The malleable mind: context accumulation drives LLM’s belief drift

by Jiayi Geng

09 March 2026

How to measure belief drift?

We study belief drift under two types of context accumulation, distinguished by whether the accumulated experience is intentionally targeted at the belief being measured.

In intentional tasks, the model engages in conversation directly about the belief being measured, such as multi-turn debate or persuasion. We use the moral dilemmas and safety questions to ensure the accumulated context is explicitly targeted at that belief.
In non-intentional tasks, the model accumulates context by reading documents or doing research, such as searching for information and summarizing what it finds. These activities are not directly about the belief drift and reflect common uses of LLMs for information gathering and research.

We design a three-stage evaluation framework: 1) the initial beliefs, 2) having extended interaction or reading, and 3) post belief after the interaction, reading, or research.
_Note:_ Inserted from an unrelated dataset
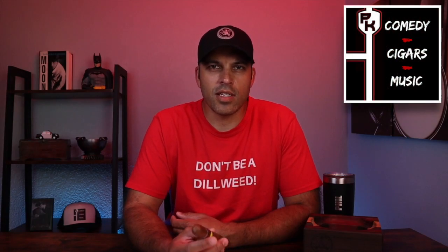Hey everybody, Phil Crute here. Welcome to Comedy Cigars and Music, and today's cigar for review is the Aladino Corojo.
Within this framework, we distinguish two ways beliefs are expressed:

1) Stated beliefs, measured by directly asking the model how it would state a position.
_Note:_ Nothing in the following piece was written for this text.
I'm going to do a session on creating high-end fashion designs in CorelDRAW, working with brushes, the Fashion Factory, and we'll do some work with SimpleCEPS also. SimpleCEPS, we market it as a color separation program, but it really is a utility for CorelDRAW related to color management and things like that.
2) Behavior, measured how models take an action that implies a belief, such as making a decision or using tools.

How to measure the belief drift?

Belief drift is real and directional. Our empirical evidence shows that the belief drifts after context accumulation. The statistical tests with a p value less than 0.05 suggest that these shifts are not noise but systematic: when beliefs change, they move in consistent directions rather than fluctuating randomly. The direction follows the accumulated experience. After reading conservative texts, models shift conservative; after reading progressive texts, they shift progressive.

More capable models ≠ more stable. More capable models are not necessarily more stable. In fact, models with higher capacity often show larger belief shifts, suggesting they absorb accumulated context more deeply. The same capability that lets them integrate prolonged exposure also amplifies drift.
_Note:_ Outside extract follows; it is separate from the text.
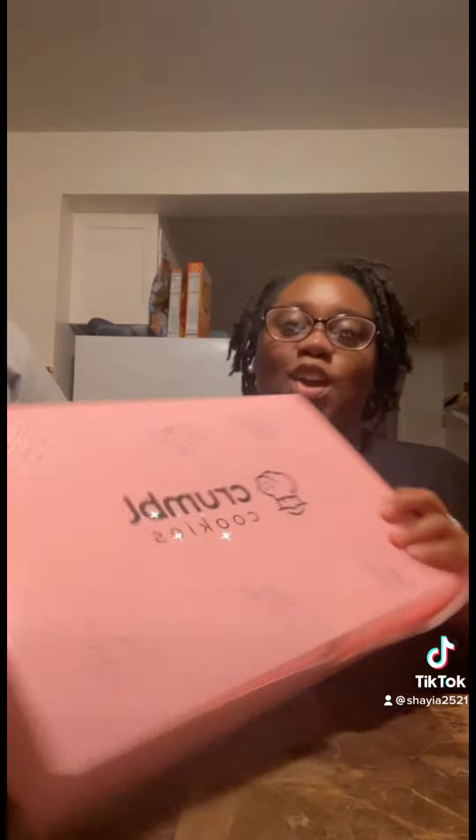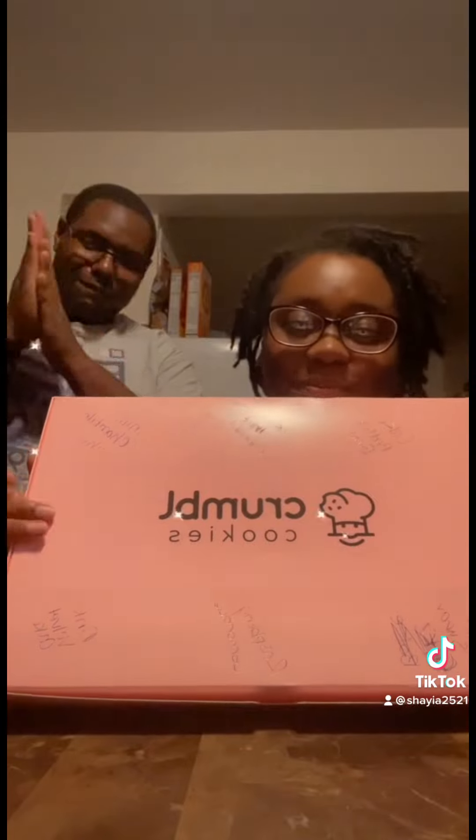Hey guys, we're here to do a Crumbl Cookie review. We have cake batter, pink donut, milk chocolate, pink sugar, raspberry lemonade, and pink velvet. We're about to cut them up.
Stated belief ≠ behavior. Interestingly, we observe that the stated beliefs and behavior can diverge after context accumulation. An LLM agent can deny any change in its stated position while making different choices, allocating resources differently, or using tools in ways that imply a shift in belief. This distinction is particularly relevant for agentic systems, where assessment depends more on what models do than on what they say.

Implications for Reliability

Many reliability assumptions no longer hold. LLM’s benchmark evaluations typically reset the model between prompts, treating each interaction as independent. Our results challenge this assumption: belief drift can emerge through ordinary context accumulation without adversarial prompting or parameter updates.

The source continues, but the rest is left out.